Ibu Rohmah Soemohardjo adalah istri Letnan
Jenderal Oerip Soemohardjo, Keapala Staf TNI, pendamping Panglima Besar
Sudirman sejak dari mula dibangunnya tentara nasional kita, malahan jauh
sebelumnya. Beliau bekas opsir KNIL di masa Hindia Belanda, berpangkat
Mayor, kemudian mendapat kenaikan pangkat tituler sebagai overste (Letnan
Kolonel), pangkat opsir yang tergolong
paling atas bagi pribumi jajahan.
Letnan Jenderal Urip Sumohardjo (lahir di
Purworejo, Jawa Tengah, 23 Februari 1893 – meninggal di Yogyakarta, 17
November 1948 pada umur 55 tahun) adalah seorang tokoh militer Indonesia
dan pahlawan nasional Indonesia.
Nama Jenderal Oerip sangat baik. Beliau seorang
perwira yang kecuali meletakkan dasar pertama dari kesatuan TNI, juga
pembangun dari kesatuan tentara nasional Indonesia di samping Panglima
Besar Jenderal Sudirman yang adalah bekas Daidancho, juga bekas guru.

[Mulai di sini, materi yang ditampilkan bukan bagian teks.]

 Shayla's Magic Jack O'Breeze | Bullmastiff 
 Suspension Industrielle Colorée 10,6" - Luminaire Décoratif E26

Kedua perwira ini tinggi ini berasal dari
pendidikan militer yang berlainan, namun dapat bekerjasama amat baiknya.
Tampaknya sudah ditakdirkan keduanya bersemayam di makam pahlawan Semaki.
Berikut adalah merupakan catatan sejarah
pengalaman perjuangan Ibu Oerip Soemoharjdo, hidup ditengah-tengah negeri
yang sedang terjajah dengan segala bentuk kehidupannya.
Ketika ibu kota Yogya diserbu pasukan Belanda,
pak Oerip, telah wafat setelah menderita sakit beberapa lama. Selama enam
bulan lamanya Belanda menduduki wilayah ini.
Kami telah dapat mengatasi kelelahan dan
emoi-emosi yang ditimbulkan oleh pemakaman suaminya di makam pahlawan
Semaki, Yogya. Sebelum selamatan empat puluh hari meninggalnya almarum,
clash II antara Indonesia dengan Belanda terjadi. Pagi hari jam enam pagi
kami dikejutkan oleh bom yang jatuh di Lapangan Udara Maguwo. Kemudian
menyusul lebih banyak lagi. Sebelum jam tujuh pagi hari itu Mokoginta dan
tak seberapa kemudian Satari, bergegas untuk mengucapkan selamat tinggal.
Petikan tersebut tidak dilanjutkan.